ResourceSlice Certificate Renewal

The remote ResourceSlice controller manager now handles certificate renewal. When a certificate reaches 2/3 of its lifetime, the controller resigns the CSR. The CR replicator then propagates this change back to the remote cluster, where the local ResourceSlice controller completes the renewal process.

Tenant Certificate Renewal

The Tenant resource requires a different approach since the CR replicator doesn't handle it. The renewal flow works as follows:

  1. The Tenant controller renews the certificate
  2. The remote renewer controller updates the Renew resource status
  3. This status is propagated back to the local cluster
  4. The local renewer controller updates the Identity resource with the new certificate

Consumer-Side Renewal Prevention

For now, we've disabled the ability to request certificate renewal from the consumer side via the liqo.io/renew annotation on the Identity resource.

VirtualKubelet and API Server Ping Fixes

Fixed certificate renewal handling in the VirtualKubelet and API server ping components to ensure they properly adopt and use new certificates once updated.

Testing

E2E tests have been added to verify that certificates are renewed and correctly propagated across clusters. To enable testing within a reasonable timeframe, we use Kyverno to inject a policy that patches CSRs to have a 10-minute certificate duration. This ensures certificates are renewed during the E2E test run, allowing us to validate that operations continue smoothly throughout the renewal process.

@adamjensenbot
Copy link
Collaborator

Hi @claudiolor. Thanks for your PR!

I am @adamjensenbot.
You can interact with me issuing a slash command in the first line of a comment.
Currently, I understand the following commands:

  • /rebase: Rebase this PR onto the master branch (You can add the option test=true to launch the tests
    when the rebase operation is completed)
  • /merge: Merge this PR into the master branch
  • /build Build Liqo components
  • /test Launch the E2E and Unit tests
  • /hold, /unhold Add/remove the hold label to prevent merging with /merge

Make sure this PR appears in the liqo changelog, adding one of the following labels:

  • feat: 🚀 New Feature
  • fix: 🐛 Bug Fix
  • refactor: 🧹 Code Refactoring
  • docs: 📝 Documentation
  • style: 💄 Code Style
  • perf: 🐎 Performance Improvement
  • test: ✅ Tests
  • chore: 🚚 Dependencies Management
  • build: 📦 Builds Management
  • ci: 👷 CI/CD
  • revert: ⏪ Reverts Previous Changes

@github-actions github-actions bot added the fix Fixes a bug in the codebase. label Feb 9, 2026
@adamjensenbot
Copy link
Collaborator

The generated artifacts appear to be out-of-date.

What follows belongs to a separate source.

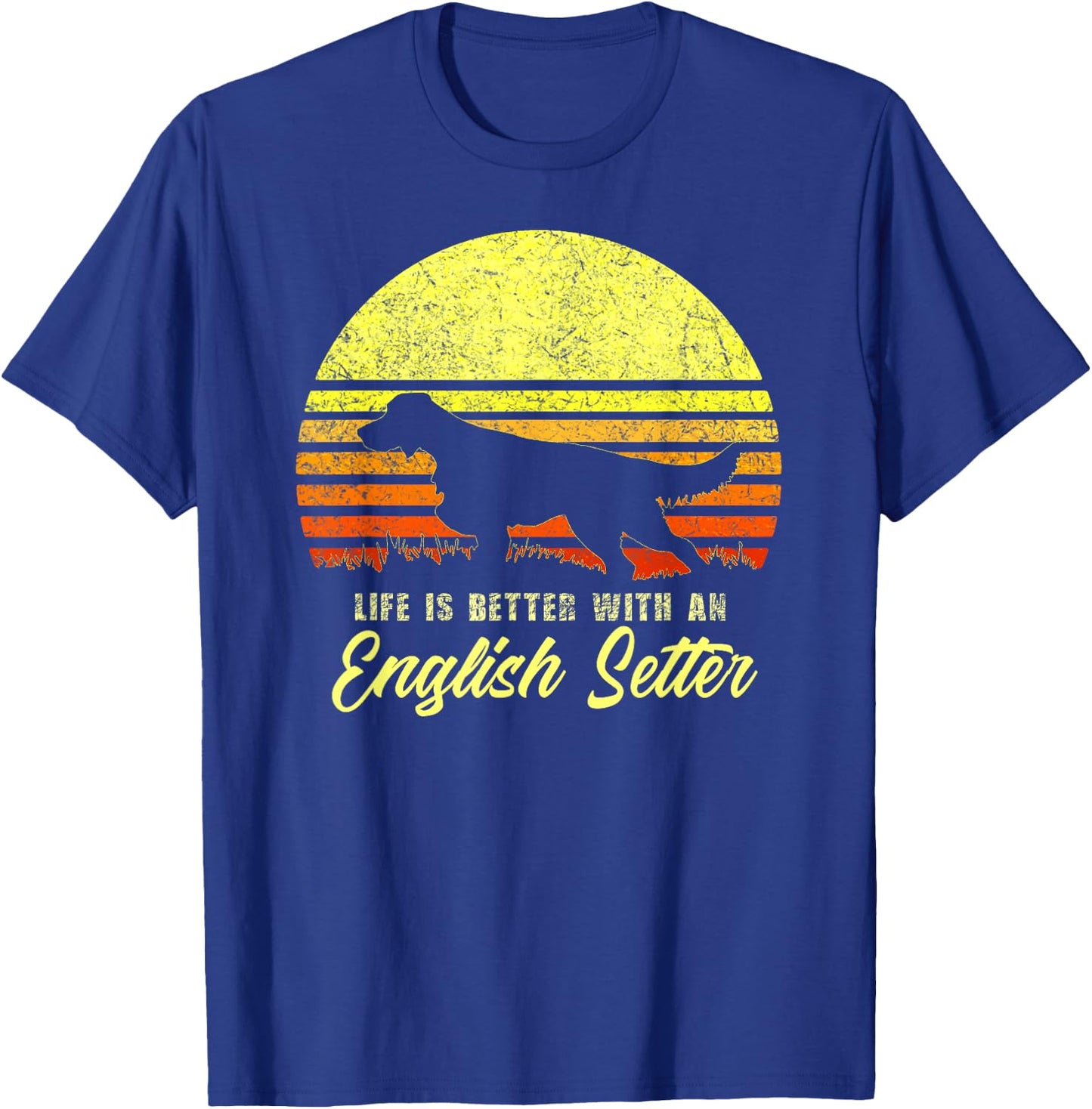 English Setter Hunting Bird Dog Lover Vintage Retro Sun Gift Men Women Kids T-Shirt - T-Shirt | Royal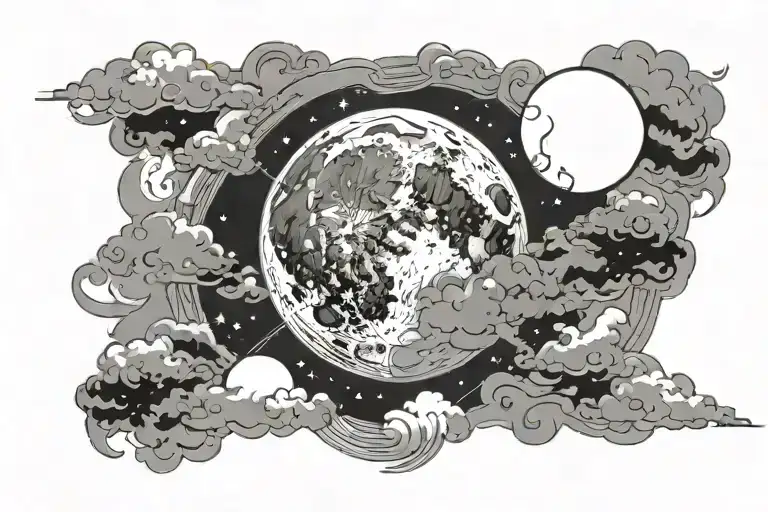 Full Moon With Clouds Surround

Please, ensure you are using the correct version of the generators (eg. controller-gen) and re-run:

make generate
Here it is an excerpt of the diff:
diff --git a/pkg/liqo-controller-manager/authentication/remoterenwer-controller/remoterenewer_controller.go b/pkg/liqo-controller-manager/authentication/remoterenwer-controller/remoterenewer_controller.go%0Aindex 71173f3..1c22784 100644%0A--- a/pkg/liqo-controller-manager/authentication/remoterenwer-controller/remoterenewer_controller.go%0A+++ b/pkg/liqo-controller-manager/authentication/remoterenwer-controller/remoterenewer_controller.go%0A@@ -33,8 +33,8 @@ import (%0A 	authv1beta1 "github.com/liqotech/liqo/apis/authentication/v1beta1"%0A 	"github.com/liqotech/liqo/internal/crdReplicator/reflection"%0A 	"github.com/liqotech/liqo/pkg/consts"%0A-	tenantnamespace "github.com/liqotech/liqo/pkg/tenantNamespace"%0A 	"github.com/liqotech/liqo/pkg/liqo-controller-manager/authentication/utils"%0A+	tenantnamespace "github.com/liqotech/liqo/pkg/tenantNamespace"%0A 	"github.com/liqotech/liqo/pkg/utils/events"%0A 	"github.com/liqotech/liqo/pkg/utils/getters"%0A )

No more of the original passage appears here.